Keith Marshall and Todd Gurley Hope To Break Stigma
The Georgia Bulldogs have recruited a lot of talented running backs in recent years, many of whom have shown flashes of their immense talent and potential early in their careers. However, in the recent history of Georgia football, so many of those talented running backs have flamed out early, never lived up to the hype they once garnered and failed to reach their full potential as a player.
Names like Caleb King, Washaun Ealey and Isaiah Crowell fit this mold of great potential that never materialized, much to the dismay and frustration of Georgia fans. Whether it was due to injury, poor work ethic, off-field problems, academic issues or some other reason, so many of Georgia’s recent running backs have failed to live up to their promise. It’s become a trend for members of the Bulldogs backfield and a bit of a stigma as well.
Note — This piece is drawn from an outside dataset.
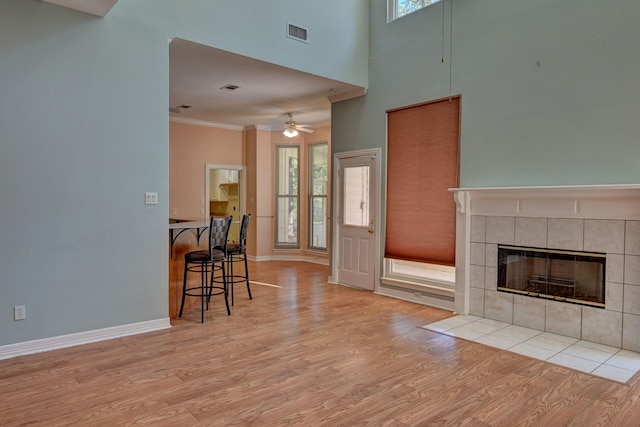 living room with a towering ceiling, ceiling fan, crown molding, a tile fireplace, and light hardwood / wood-style flooring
Now, next in line to face that stigma is last year’s fantastic freshmen duo of Keith Marshall and Todd Gurley.
Both Marshall and Gurley burst onto the scene last season as true freshmen after both were highly regarded high school players. Marshall was the top-rated high school running back in the class of 2012 and ran for 759 yards with eight touchdowns for the Bulldogs last season. Gurley wasn’t quite as highly rated, but he was a four-star recruit and he immediately took the reins as Georgia’s starting running back. Gurley finished the season with 1,385 rushing yards, second in the SEC behind only Heisman winner Johnny Manziel, and 17 touchdowns.
The two true freshmen formed an incredible 1-2 punch in Georgia’s backfield that gave the Bulldogs a dynamic rushing attack, which helped them reach the SEC championship game for the second straight season. However, now Marshall and Gurley must find a way to repeat that success in 2013 and avoid the stigma that has plagued Georgia running backs over the past several years.
Both Marshall and Gurley fit the profile of Georgia’s star running backs of the past that burned out early in their careers. They were both highly-ranked recruits with great promise and potential and they both played early in their college careers with considerable success, giving Georgia fans hope that they could continue to perform at a high level for years to come. Both of them do seem to have a good head on their shoulders and a sense of maturity that some of their predecessors may have lacked.
But it doesn’t always take a lot to derail a promising career and what gets in the way isn’t always preventable. So as Marshall and Gurley move forward into their sophomore year, they won’t just be fighting each other for playing time and they won’t just be fighting to get Georgia back to the SEC Championship game. They’ll be fighting the stigma of failure and disappointment that has tarnished the careers of the Bulldog running backs who came before them.
Both players appear capable of rising above this stigma and Georgia does have the benefit of having two great running backs should one of them fall victim to it, but sophomore slumps are far too prevalent and the history of Georgia running backs too disappointing to think that Marshall and Gurley can rise above it–until they prove otherwise.